The Slave of Silence By Fred M. White Characters: 11801

Updated: 2017-12-01 00:04


It was with a sigh of relief that Beatrice found herself at length alone. There was nothing for her to do now but to get her belongings together and leave the hotel. There would be an inquest on the body of Sir Charles at ten o'clock the following morning, as the authorities had already informed her, but Beatrice had looked upon this as merely a formal affair. She would pack her things and leave them in Sir Charles's dressing-room-the door of which had not been sealed-and send for everything on the morrow. All her costly presents, including the wonderful diamonds from Stephen Richford, she had entirely forgotten. A somewhat tired detective was still watching the jewels in a room off the hall where the wedding breakfast was laid out. But the fact had escaped Beatrice's attention.
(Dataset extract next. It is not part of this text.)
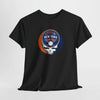 Black T-shirt with circular New York Stealie logo graphic centered on chest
Lady Rashborough was having tea alone in her boudoir when Beatrice arrived. Her pretty little ladyship was not looking quite so amiable as usual and there was the suggestion of a frown on her face. She had been losing a great deal at bridge lately, and that was not the kind of pastime that Rashborough approved. He was very fond of his empty, hard, selfish, little wife, but he had put his foot down on gambling, and Lady Rashborough had been forced to give her promise to discontinue it. The little woman cared nothing for anyone but herself, and she had small sympathy for Beatrice.

"What are you doing here?" she asked pettishly. "Where is your husband?"

"That I cannot tell you," Beatrice replied. "You hardly expected that I should have started on my honeymoon under such circumstances, did you?"

"My dear child, don't talk nonsense! Of course not. The proper thing is to go to some very quiet hotel and dine respectably-to lie low till the funeral is over. Of course this is all very annoying, especially as you have such a lovely lot of new frocks and all the rest of it, but I dare say they will come in later on. Not that it matters, seeing that you have a husband who could stifle you in pretty frocks and never miss the money. What a funny girl you are, Bee. You don't seem to appreciate your good luck at all."

"You regard me as exceedingly lucky, then?" Beatrice asked quietly.

"My dear girl, lucky is not the word for it. Of course Stephen Richford is not what I call an ideal husband, but with his amazing riches--"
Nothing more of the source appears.